24/11/2015

A MENINA EDITHE LOURENÇO


Incrível como conservara a candura ao longo dos anos. Impressionante como os olhos ternos passaram sempre as mesmas mensagens de afeto. Sabia amar incondicionalmente, como as crianças amam descomplicadamente!
 Como toda menina moça de sua época, Edithe frequentava o patronato de moças na cidade de São Manuel. Afinal, moças precisavam aprender a bordar, pintar, e agregar beleza e capricho no dia à dia de uma casa. Edithe ia e vinha todos os dias de trem. Rotina de alegrias e sonhos.
Entretanto, num dia pré determinado pela vida, no ano de 1940, aos 13 anos, a menina moça teve seus sonhos roubados por obscuras forças que a dominaram. O seu ser já não mais comandava as próprias vontades!
Contam os mais antigos, que na guardiã de lendas ouviu cascos de cavalo galopando freneticamente, adentrando as nossas ruas, e um belo homem, morador da boa vista bradava ao vento: "cadê o Zé? Cadê o Zé? O bicho da boa vista está com a filha dele agora!
O Zé, era o pai de Edithe. E o homem a cavalo era seu irmão Lázaro.
Logo em seguida, Edithe desembarcava na estação de Alfredo Guedes, muito confusa e histérica, amparada por um responsável do patronato de moças. E naquele momento, chegaram ás vozes, chegaram as visões e se foram os sonhos de menina! Erguia-se ali, o castelo de medo e mistério.
Nunca se soube como lázaro teve conhecimento antecipado dos estranhos males de Edithe. À época, vivia ele na fazenda boa vista, não haveria como saber... No entanto, ele anunciou o que estava por acontecer.

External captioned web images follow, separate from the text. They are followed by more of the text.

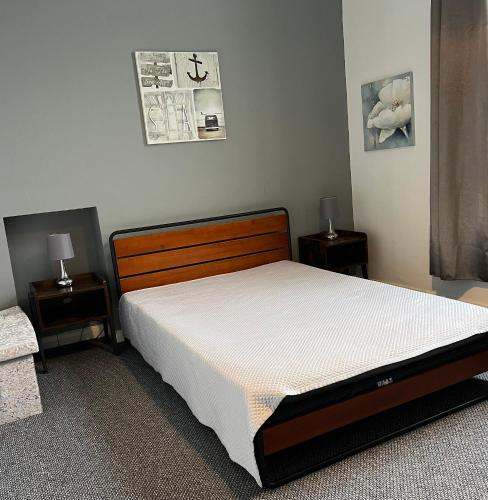 a bedroom with a bed and two nightstanduments sidx sidx sidx sidx at Sea Spray Victorian Apartment in St. Leonards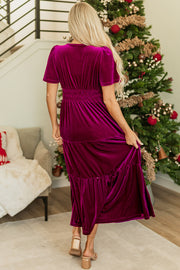 Velvet maxi dress showing flowing tiered boho-inspired skirt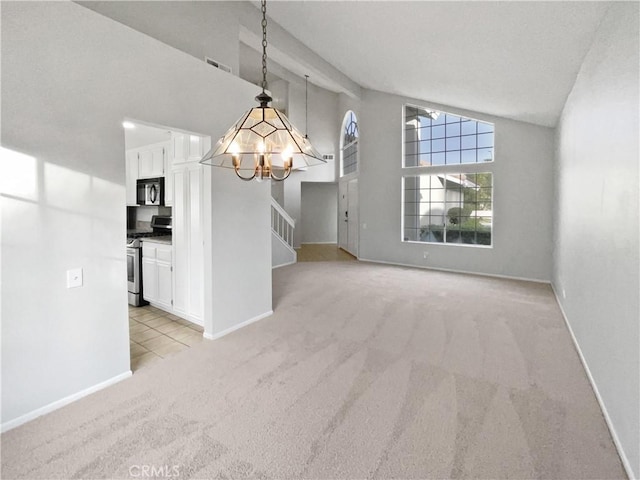 unfurnished dining area featuring light carpet, a chandelier, and high vaulted ceiling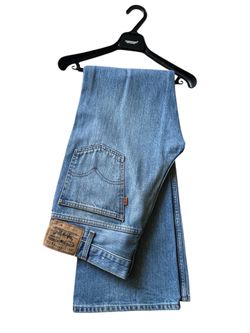 517 s Orange Tab Levi’s 31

Então iniciara-se junto com essa fusão de dimensões, a extensa lista de promessas feitas e cumpridas em favor da saúde física e espiritual da meiga menina.
Sempre doce, autêntica e simples, era extremamente solícita e amável! Amava, e muito, e muito parecidas com as mudança dos ventos, de tempos em tempos vinham as crises. Sorrateiras como as tormentas que se formam devagar, inteligentes e imprevisíveis como as serpentes! E posicionavam-se demolindo as esperanças e o entusiasmo. E o medo imperava. E do medo alimentavam-se as tormentas!

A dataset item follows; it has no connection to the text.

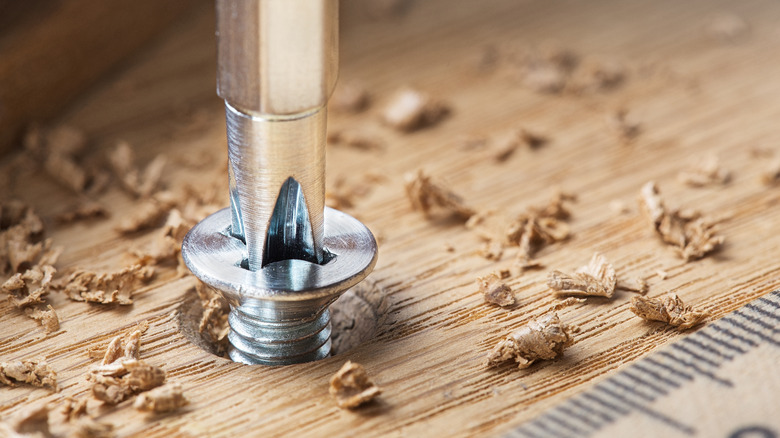 Driving a screw into a wooden surface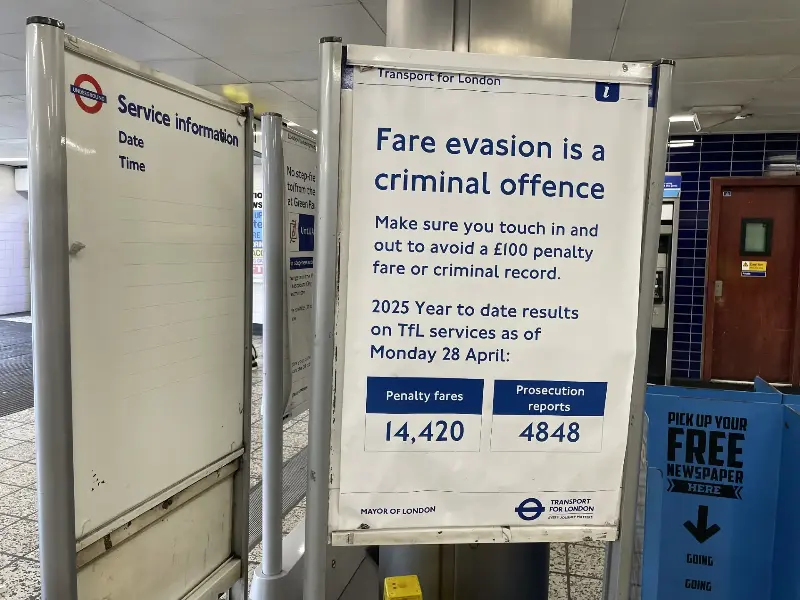 A TfL poster on the Underground warning that fare evasion is a criminal offence (Ross Lydall)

 Tudo corria bem, e de repente algo no ar se transformava em prenúncio de um estranho silêncio. Alucinante e ensurdecedor! A tristeza e o medo se faziam presentes no lindo semblante da menina, e ela recolhia-se em seu quarto escuro. Silêncio total na casa. Tudo quieto aguardando uma explosão que certamente aconteceria. Ela já não se alimentava, seu olhar não era mais seu, um estado de letargia e ausência se apoderava de seu ser. E depois de alguns dias, ouvia-se um choro agudo que crescia na casa. Ao final do fôlego, já soava como uivo. Longo, e triste. Seguiam-se os gritos e todos corriam para segurá-la! E protegê-la de si mesma! E ouviam-se frases desconexas!
Durante toda sua vida fora assim, fases e ciclos como a lua!
 E assim caminhara até a vida adulta! Meiga, inteligente, calma, mas, transformando-se de modo surreal em sua evolução.
Nunca, nunca mesmo perdera a mansidão do olhar e o sorriso de criança, seu aroma surreal, seu perfume mágico, seu cheiro de Lourenço ainda passeiam pelos seus pertences e guardados.
Não há mais choro, se foram os uivos ensurdecedores, acabaram o medo e a escuridão! Fez-se claridade dourada para finalmente viver os seus sonhos de menina moça, daqui, levara as recordações do patronato antes do fatídico dia e um lindo terço com grandes contas transparentes e num lindo jardim, depois de regar as rosas plantadas por sua mãe, depois de sonhar acordada divagando com a revista Cinelândia na memória, Edithe sorri, borda e desenha seus planos para o futuro, faz as artes que aprendera no antigo patronato. Alegra-se pelo passar do tempo que é tão lento para ela.

O sol começa a se esconder e se faz imenso rastro de luzes coloridas no horizonte. Ela se coloca de joelhos com o terço de contas transparentes dançando entre os dedos delicados, não para prometer nada, mas para cumprir os agradecimentos pelas antigas promessas feitas à nossa senhora! Está enfim liberta dos males obscuros, sua mãe celestial ouvira as suas preces e as de sua mãe Lazinha... E Edithe sorri refeita em plenitude! Agora é feliz!